Incidents resulting from natural or man-made events, human error, rogue employees, network hacks, unauthorized accesses, network, systems/applications outages, or data loss can happen at any time–even with the best planning, infrastructures, and security controls.  So you need to be prepared in terms of how to respond. Our Incident Response Team can be engaged quickly to assess the scope of the incident and determine an appropriate action plan to include internal and external communications as may be appropriate or legally required.  After ensuring the safety of all organization personnel and reviewing your incident response plan (if one exists) and contacting your legal counsel and insurance provider(s) to assess obligations and coverages, you can engage our team.  We follow the Diamond Model of Intrusion Analysis, which involves identifying the four components of a breach–the victim, the capability, the infrastructure, and the adversary.  This approach allows us to quickly identify and determine:

• Priority stop-gap measures that must be taken e.g, network, systems, applications or infrastructure shut down, failover to secondary data center(s), verification of data integrity, etc.
• The scope of the incident’s impact and the pertinent facts – who, what, when, where, how and why, etc.
• Employees, Customers, Vendors, Partners and the public at large (if necessary) to contact and method(s) and communication contents.
• The need for hourly, daily, and weekly review meetings required as situation necessitates.

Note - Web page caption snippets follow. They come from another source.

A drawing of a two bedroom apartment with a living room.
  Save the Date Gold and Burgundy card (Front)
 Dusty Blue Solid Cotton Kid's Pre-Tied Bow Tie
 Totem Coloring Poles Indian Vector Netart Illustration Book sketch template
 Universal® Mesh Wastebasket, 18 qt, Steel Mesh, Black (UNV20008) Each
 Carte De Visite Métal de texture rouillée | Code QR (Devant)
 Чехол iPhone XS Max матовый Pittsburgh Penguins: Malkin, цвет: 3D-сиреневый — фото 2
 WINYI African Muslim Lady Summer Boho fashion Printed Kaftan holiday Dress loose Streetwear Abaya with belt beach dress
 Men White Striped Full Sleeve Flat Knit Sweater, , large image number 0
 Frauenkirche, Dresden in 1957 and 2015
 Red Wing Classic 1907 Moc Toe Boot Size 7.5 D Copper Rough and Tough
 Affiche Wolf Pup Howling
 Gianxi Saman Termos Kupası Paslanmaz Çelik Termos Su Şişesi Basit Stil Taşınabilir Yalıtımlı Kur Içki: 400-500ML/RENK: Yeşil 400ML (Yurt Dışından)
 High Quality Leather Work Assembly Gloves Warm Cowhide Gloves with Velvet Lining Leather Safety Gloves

Once the preceding preliminary assessment is done, we document the particulars regarding the incident and the initial response actions, e.g., what was done by whom, with a timeline.

Once we have determined how the incident occurred, we assess changes to policies, procedures, controls, and the incident response plan, making recommendations for improvement with an eye toward preventing the incident from recurring.

Following a final debrief with the leadership team, our Secure Operations Center (SOC) team is available to assist with instituting necessary changes to include monitoring and management of various IT security components.